Crap. Today wasn't a good day. I woke up in a real low mood for some reason. I don't know what happened to my confidence, but it just wasn't there today. This girl is sooo hot and I don't want to blow it. She's always tapping me on the back when she passes me in the halls, all I can do is smile at her. Other than that I feel like a retard when she talks to me especially in front of all my teammates (shes our scorekeeper). She even asked me if I was feeling ok because of the way I was acting. Even though she was probably joking, it still sucked. Damn this anxiety.

Oh well, it was only one day. I plan on making a rebound. 
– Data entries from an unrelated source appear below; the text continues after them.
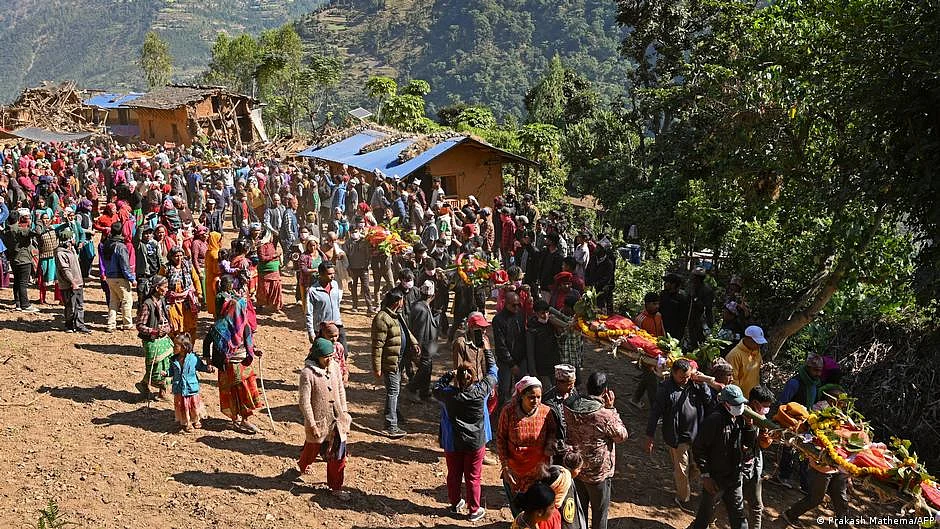 A remote village in western Nepal held a funeral for earthquake victims on Sunday (photo: DW)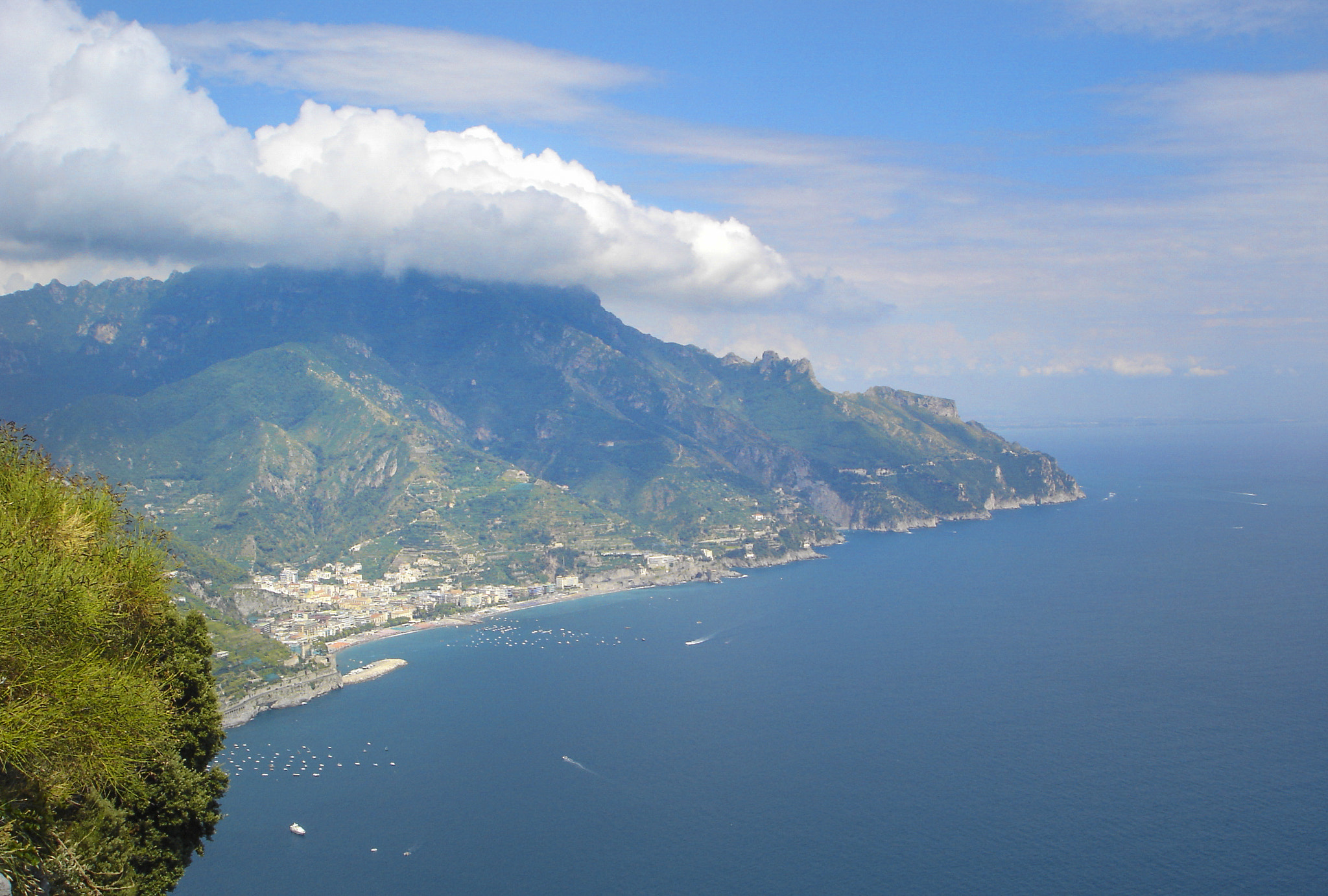 Sony DSC-P120 sample photo. Capri view (1) photography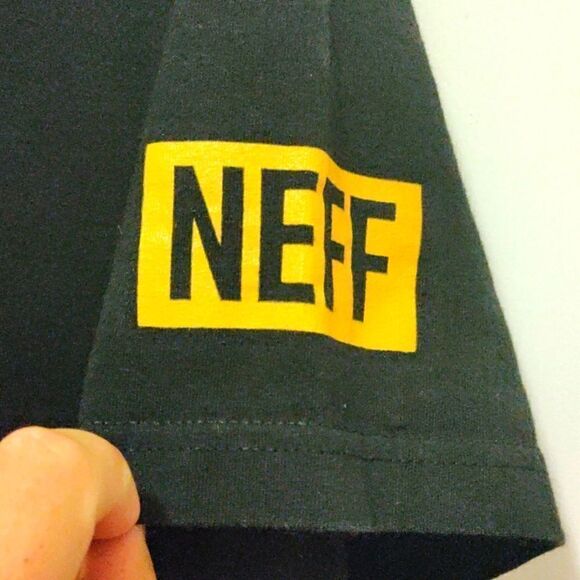 Neff Sponge Bob T-Shirt - Picture 4 of 6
Did I mention this girl is really hot?


----------



## User

^ Definitely been there man. It sucks having to struggle with SA when a girl, an attractive one at that, shows interest in you. I don't have any advice for you, just my sympathy.


----------



## Redefine

Wow, I just learned today that just about everybody heard about this. Some of my friends were saying I should be one of those phone sex people for a career (hahaha). Most of them are cheering me on, which kind of puts more pressure on me. I just keep telling myself I don't have to prove anything to anyone. They said they are taking me out this saturday night to get me drunk. I'm actually really good with girls when I'm under the influence so we'll have to wait and see what happens... :yes


----------